Abstract Glioblastoma remains one of the deadliest brain malignancies. First-line therapy consists of maximal surgical tumor resection, accompanied by concomitant and adjuvant temozolomide chemotherapy and radiotherapy. Malignant cells escape surgical resection by migrating into the brain parenchyma, where they give rise to the recurrent tumor. Based on gene expression, the tumor core can be subtyped into mesenchymal, proneural and classical areas, each being associated with differences in genetic alterations and cellular composition. In contrast, the tumor periphery where migrating tumor cells infiltrate brain parenchyma is less characterized in patients. Using spatial transcriptomics (n = 11), we show that specific malignant states colocalize in tumor core areas with necrosis and microvascular proliferation. Malignant cells within proneural or mesenchymal subtyped cores displayed, as expected, many differences in genetic expression, although such differences disappeared in the tumor periphery. Malignant cells residing in the tumor periphery had increased expression of genes related to neurodevelopmental pathways and synaptic connectivity.
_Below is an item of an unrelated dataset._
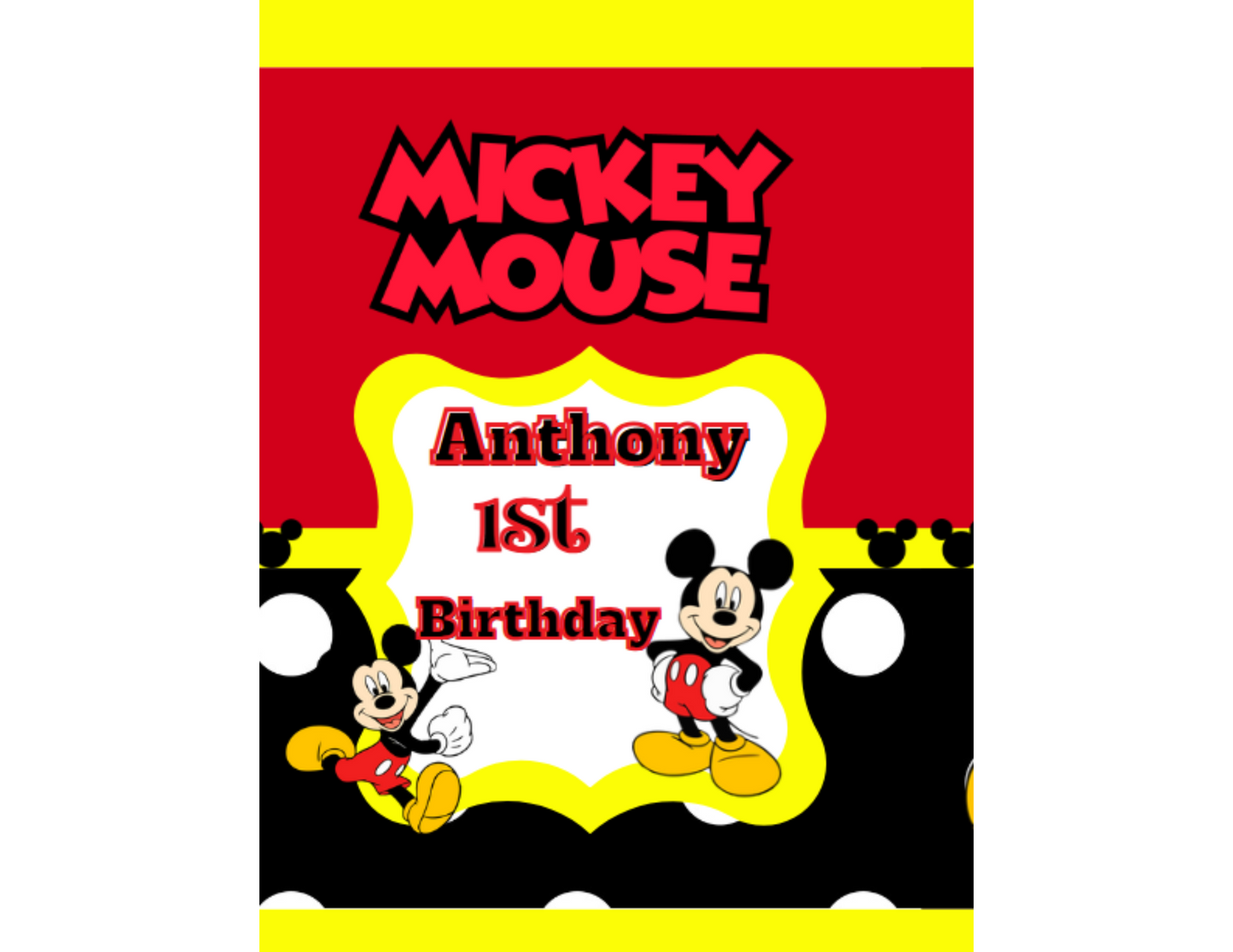 Party Favors Box - Customized - Mickey Mouse- (Min Order Qty - 8)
Our findings show similarities in cellular states across tumor subtypes with implications for post-operative treatment and provide an updated view of the spatial landscape of glioblastomas. Citation Format: Dylan Harwood, Vilde Pedersen, Nicolai S. Bager, Ane Y. Schmidt, Tobias O. Stannius, Ausrine Areskeviciute, Knud Josefsen, Dorte S. Nørøxe, David Scheie, Hannah E. Rostalski, Ulrik Lassen, Frederik O. Bagger, Joachim Weischenfeldt, Dieter H. Heiland, Kristoffer Vitting-Seerup, Signe R. Michaelsen, Bjarne W. Kristensen. Glioblastoma cells increase expression of neurodevelopmental programs and synaptic connectivity in the tumor periphery [abstract]. In: Proceedings of the American Association for Cancer Research Annual Meeting 2024; Part 1 (Regular Abstracts); 2024 Apr 5-10; San Diego, CA. Philadelphia (PA): AACR; Cancer Res 2024;84(6_Suppl):Abstract nr 1144.